### ENTRIES PROVIDED
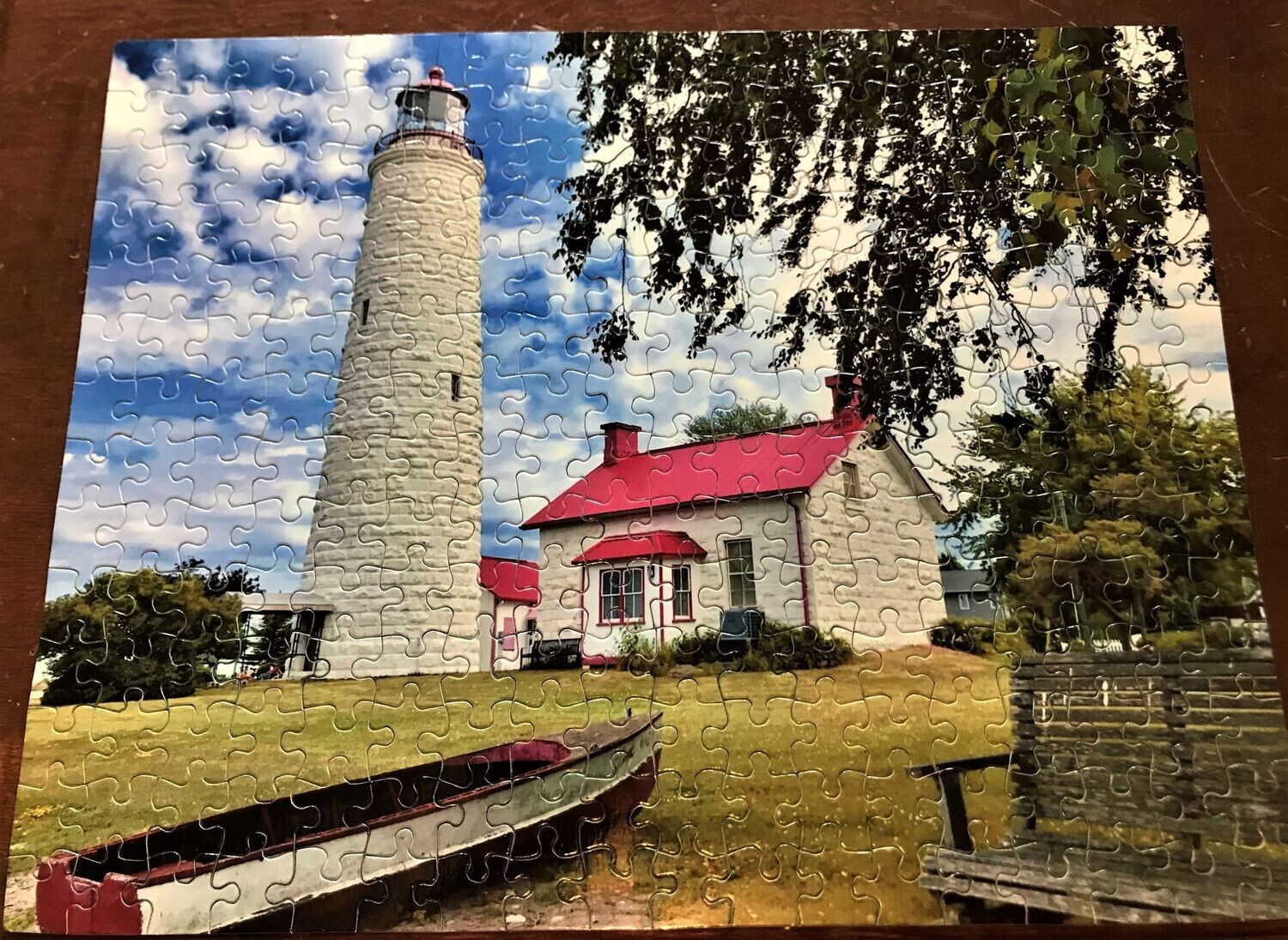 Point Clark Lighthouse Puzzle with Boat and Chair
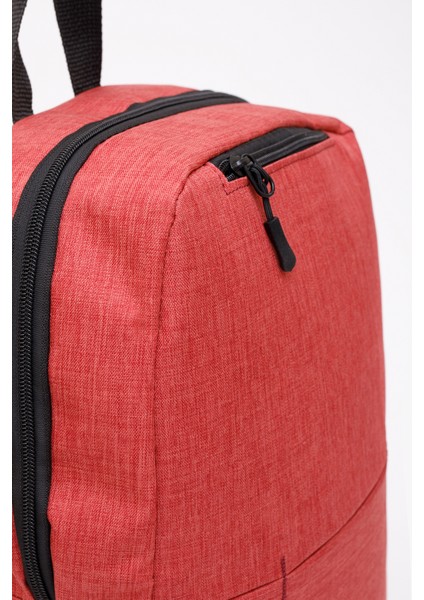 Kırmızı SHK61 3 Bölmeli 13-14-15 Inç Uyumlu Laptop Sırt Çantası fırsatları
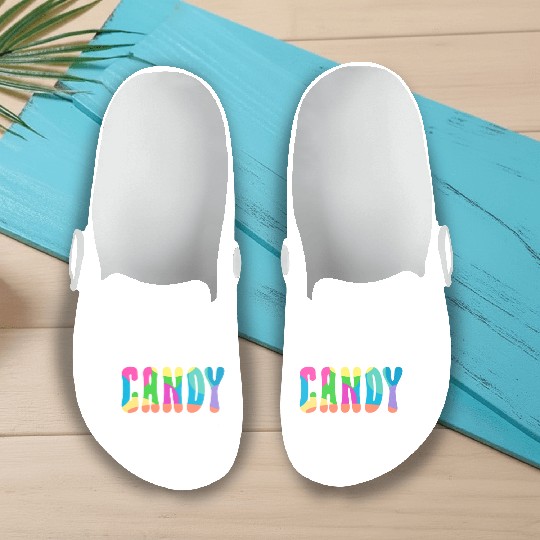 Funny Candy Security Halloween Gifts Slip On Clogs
* * *
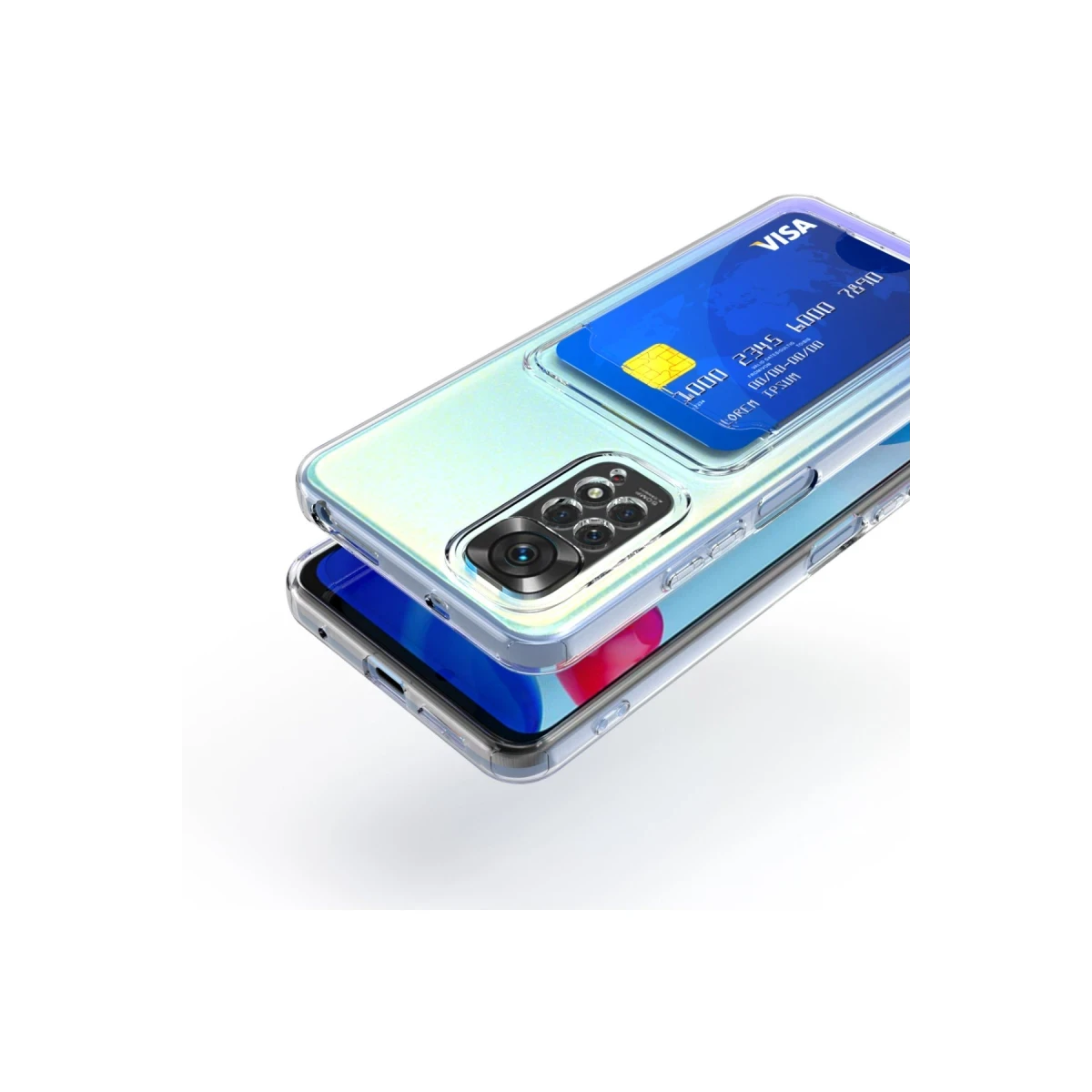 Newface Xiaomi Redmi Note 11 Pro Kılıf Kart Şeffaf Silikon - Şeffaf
* * *
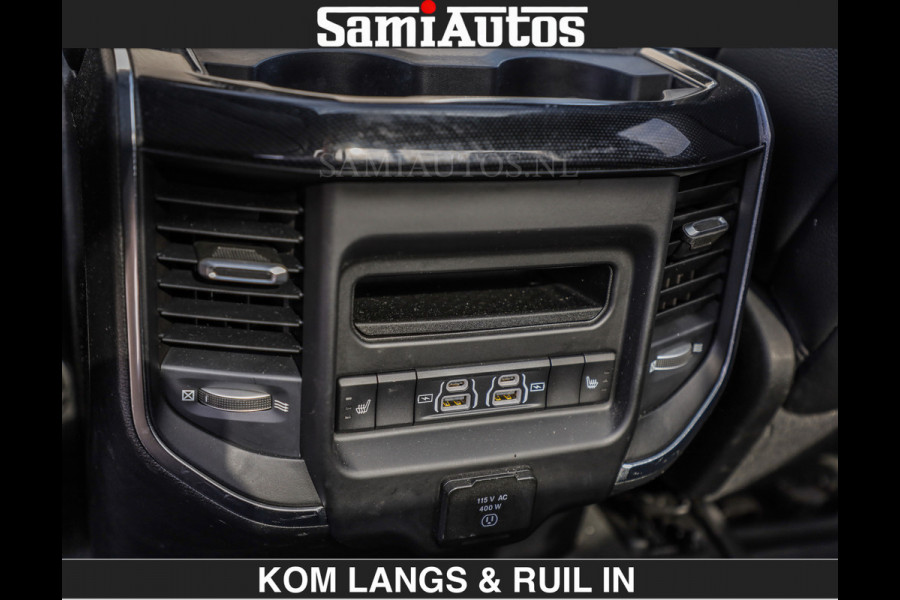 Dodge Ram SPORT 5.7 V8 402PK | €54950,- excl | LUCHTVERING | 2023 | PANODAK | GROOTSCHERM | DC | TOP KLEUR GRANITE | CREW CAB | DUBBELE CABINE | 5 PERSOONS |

### WORK TO BE COMPLETED
Return exactly the stretch above whose first line contains "Point Clark Lighthouse" and whose last line contains "Funny Candy Security", and nothing outside it. The pictures should not appear.

### RESPONSE AREA
 Point Clark Lighthouse Puzzle with Boat and Chair
 Kırmızı SHK61 3 Bölmeli 13-14-15 Inç Uyumlu Laptop Sırt Çantası fırsatları
 Funny Candy Security Halloween Gifts Slip On Clogs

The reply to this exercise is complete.